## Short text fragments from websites
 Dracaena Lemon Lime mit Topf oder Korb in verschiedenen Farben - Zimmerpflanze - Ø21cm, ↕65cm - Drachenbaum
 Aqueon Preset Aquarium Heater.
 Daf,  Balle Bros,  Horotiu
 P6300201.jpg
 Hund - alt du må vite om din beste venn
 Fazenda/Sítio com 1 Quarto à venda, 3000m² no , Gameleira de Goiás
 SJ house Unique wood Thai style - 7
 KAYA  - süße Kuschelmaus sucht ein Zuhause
* * *
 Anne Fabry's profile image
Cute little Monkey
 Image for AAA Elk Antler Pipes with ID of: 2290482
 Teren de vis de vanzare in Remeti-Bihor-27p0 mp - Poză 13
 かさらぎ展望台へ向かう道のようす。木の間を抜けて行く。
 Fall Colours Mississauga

## Try it
Of all the entries above, repeat only the lines from the line that has "Anne Fabry's profile image" to the line that has "Fall Colours Mississauga", both lines included, exactly.

## Solution
 Anne Fabry's profile image
Cute little Monkey
 Image for AAA Elk Antler Pipes with ID of: 2290482
 Teren de vis de vanzare in Remeti-Bihor-27p0 mp - Poză 13
 かさらぎ展望台へ向かう道のようす。木の間を抜けて行く。
 Fall Colours Mississauga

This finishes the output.